> **Exercise aim**:
Within the data below, how many lines contain "three"? Reply with the number only.

= = =

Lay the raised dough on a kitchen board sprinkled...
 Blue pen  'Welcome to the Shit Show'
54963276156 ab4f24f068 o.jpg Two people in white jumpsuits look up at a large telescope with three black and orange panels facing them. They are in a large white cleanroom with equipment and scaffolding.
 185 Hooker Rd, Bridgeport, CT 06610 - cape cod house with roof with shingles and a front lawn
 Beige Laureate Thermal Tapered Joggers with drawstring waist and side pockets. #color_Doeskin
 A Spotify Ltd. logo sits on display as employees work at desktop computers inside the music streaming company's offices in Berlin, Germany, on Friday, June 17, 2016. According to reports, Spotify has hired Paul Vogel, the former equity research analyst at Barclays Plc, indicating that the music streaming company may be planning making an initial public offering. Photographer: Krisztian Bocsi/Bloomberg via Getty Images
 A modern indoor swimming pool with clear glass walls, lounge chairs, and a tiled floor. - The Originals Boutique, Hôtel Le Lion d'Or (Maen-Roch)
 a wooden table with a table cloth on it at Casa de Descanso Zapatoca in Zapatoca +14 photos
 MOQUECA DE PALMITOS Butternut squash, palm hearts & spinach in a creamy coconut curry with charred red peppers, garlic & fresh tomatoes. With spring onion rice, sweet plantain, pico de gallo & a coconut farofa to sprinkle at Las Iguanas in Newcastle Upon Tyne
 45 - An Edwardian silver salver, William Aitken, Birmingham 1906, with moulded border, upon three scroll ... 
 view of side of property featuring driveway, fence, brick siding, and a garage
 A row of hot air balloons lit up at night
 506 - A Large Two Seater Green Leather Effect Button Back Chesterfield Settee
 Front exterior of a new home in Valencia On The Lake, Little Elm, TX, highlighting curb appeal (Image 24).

= = =

> **Problem solution**:
2